IFR 2025 22 March to 28 March 2014
5 min read

Borrowers are being warned that the days of insatiable demand for their short-dated corporate bonds are numbered, now that Fed Chair Janet Yellen has in effect given next April as a date when the Fed could start hiking rates.

Treasury yields gapped out by as much as 16bp at the short end on Wednesday, after Yellen said six months was about the time after tapering ends that the Fed might start to hike the Federal Funds rate.

If the Fed continues the current pace of tapering its bond purchases, then September/October could be the time when it has exited its stimulus programme altogether. Six months from October is April next year.

Although corporate bond spreads barely moved on the news, many strategists believe corporate cash managers and retail investors who have parked hundreds of billions of dollars at the short-end of the corporate curve are still in a state of denial.

“The front end of the credit markets has attracted a huge amount of inflows over the last six to nine months and is now a very crowded trade,” said Jason Shoup, head of investment grade credit strategy at Citigroup.

“I’m not saying that investors at the front-end will lose their shirts as rates rise.

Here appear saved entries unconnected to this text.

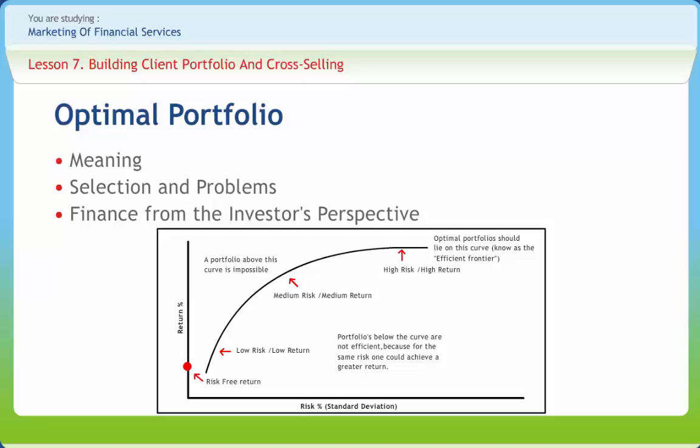Many investors find that an optimal portfolio will include a range of investment options. Including several different types of investments helps to balance the portfolio so that incurring a loss is less likely. For example, some would consider an optimal portfolio strategy to be a mixture of stocks with low, medium, and high rates of volatility, several bond issues, and a commodity or two. When one type of investment is experiencing a downturn, the other types provide stability, with gains in other sectors offsetting any losses.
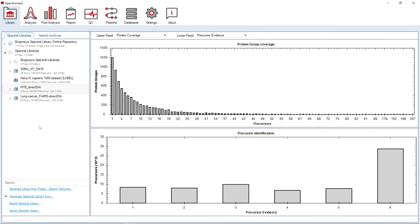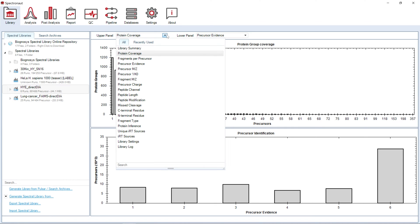In the library perspective, you can generate, upload, and export spectral libraries for any library present. You can visualize multiple metrics to help you understand the depth and coverage of the proteome of interest.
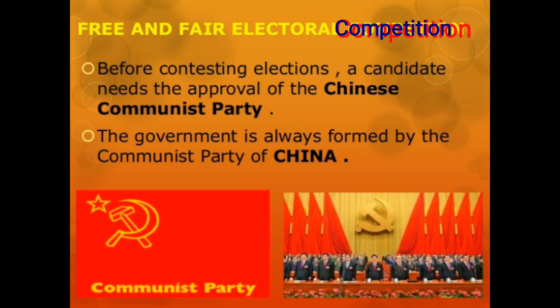The Communist Party of China knows that elections in China will always be won by them and that they will always form the government. So the feature of democracy — free and fair electoral competition — is not followed in China. We can say that China is not democratic on the basis of this feature.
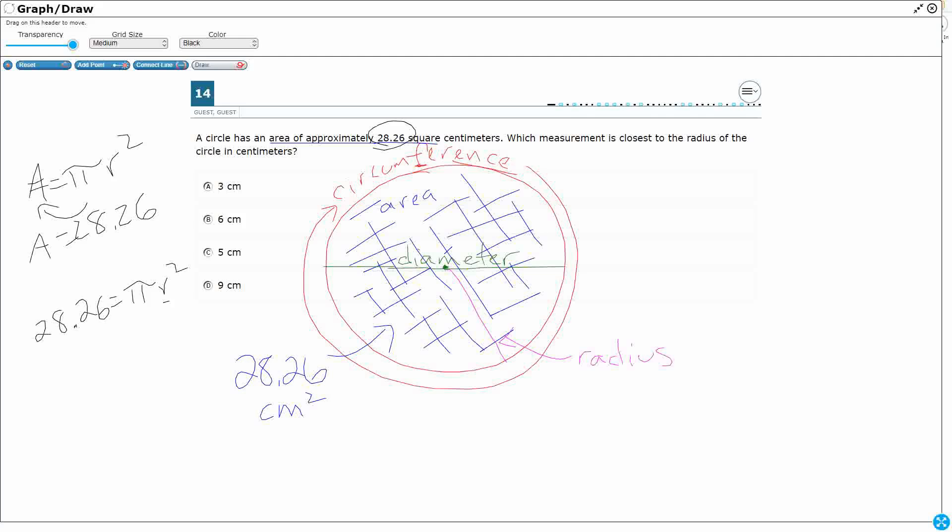Well, I would need to divide both sides by π. We don't have a calculator here, but if we divide both sides by π, what are we going to get? Well, let's say π is about 3.14.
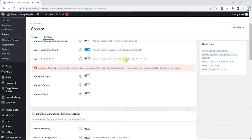Going back to these settings, there's also the option to bypass certain progression and access rules. Within courses and lessons you can require content to be viewed in a certain order, and you can lift that restriction for group leaders so they can access content in any order, regardless of any setting requiring sequential viewing.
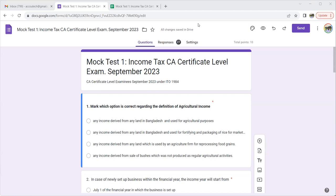The first question asks: mark which option is correct regarding the definition of agricultural income. Under Income Tax Ordinance 1984, the definition of agricultural income is given in Section 2, Subsection 1A. The definition was provided under Income Tax Ordinance 1984, and that answer is correct.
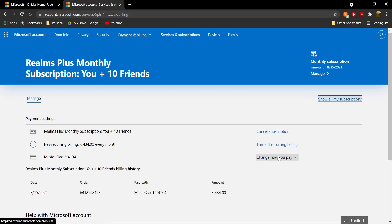You can also change how you pay, which means you can add a different credit card and remove your current payment method. So this is basically how you cancel your Realm subscription in Minecraft Bedrock Edition 1.17.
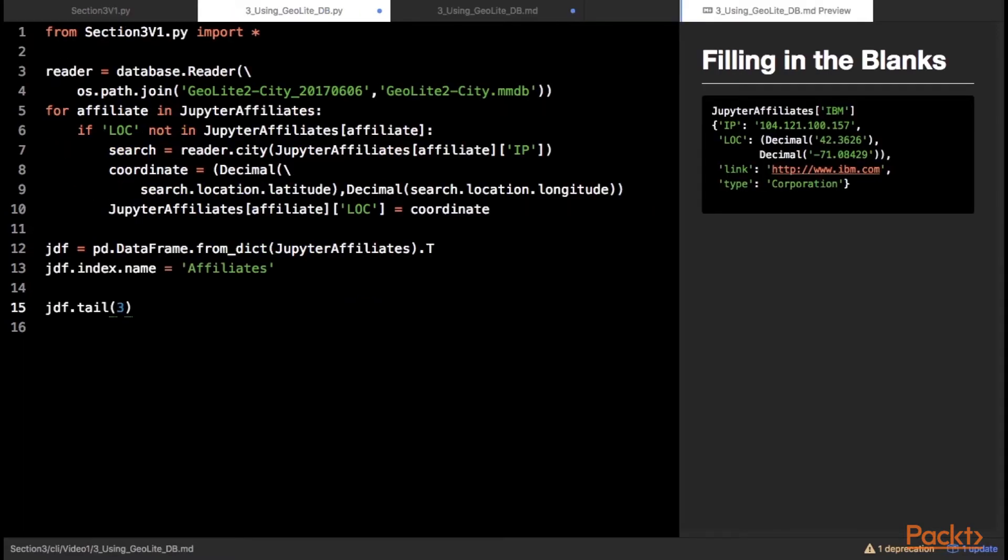First import the database class from the GeoIP2 module. Using database, create a reader object using the DB file just extracted. For each of the entries in the Jupyter Affiliates Dictionary, we check if it has a coordinate. If no coordinate is present, we pull the IP address and check the local database for a coordinate. At this point, our affiliates record should be complete and ready for visualization.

But if you are among the many investors who have been using the short-end of the curve as a cash substitute or a safe haven from duration, then losing anything will be a shock.”

In the year to-date, corporates have sold almost US$150bn at five-year tenors and shorter – more than half of all US dollar investment-grade bonds issued.

Order books in multi-tranche deals have also been overwhelmingly skewed towards shorter-dated bonds, and issuers have been virtually guaranteed access to the market even during the worst risk-off days if they have been willing to tap the pool of demand for shorter-tenor instruments.

“The front end may not be as safe as the market was led to believe, and clearly there’s the risk of outflows and wider front-end credit spreads”

Driving demand has been retail investors pouring into the front end after being advised that doing so would safeguard them from losses on longer duration bonds in a rising rate environment.

Corporate cash managers have also been huge buyers of shorter-dated bonds, having been lulled into a sense of security by the low volatility at the front end over the past several years due to the Fed’s stimulus programme anchoring that part of the yield curve.

Not risk-free

Short-dated bonds will still be in demand, according to underwriters, but further rate volatility in short-dated Treasury yields will eventually highlight to the droves of ultra-conservative investors that have moved into short-dated bonds that such paper is not risk-free.

“What’s made the front end crowded and risky is that the Fed, through forward guidance, has successfully persuaded investors that short-term interest rates will be anchored for a considerable period of time,” said Hans Mikkelsen, credit strategist at Bank of America Merrill Lynch.

“But now the front end may not be as safe as the market was led to believe, and clearly there’s the risk of outflows and wider front-end credit spreads.”

That means less ability to squeeze price on three-year and five-year notes.

“What we tell clients is that there is a risk that the Treasury yield curve will continue to flatten and if it does then we could see some of the money that has been piling into the front end of the credit market move elsewhere,” said Andrew Karp, head of investment grade syndicate for the Americas at BofA Merrill.

Investors might follow institutional investors and seek out long-dated paper, but the proliferation of non-traditional and unconstrained funds in the past six months is a signal that investors are viewing the bond market as a far more complicated place than it has been for the past four years.

“Where you put on duration and where you don’t is very specific to names, sectors and asset classes,” said Michael Collins, senior portfolio manager at Prudential, who likes the back end – where pension funds are buying aggressively.

“Some people find rate risk so difficult to deal with that they are going into non-traditional unconstrained funds, where managers hedge out interest rate risk and move up and down the curve according to relative value, the shape of curves and the technicals in different markets.”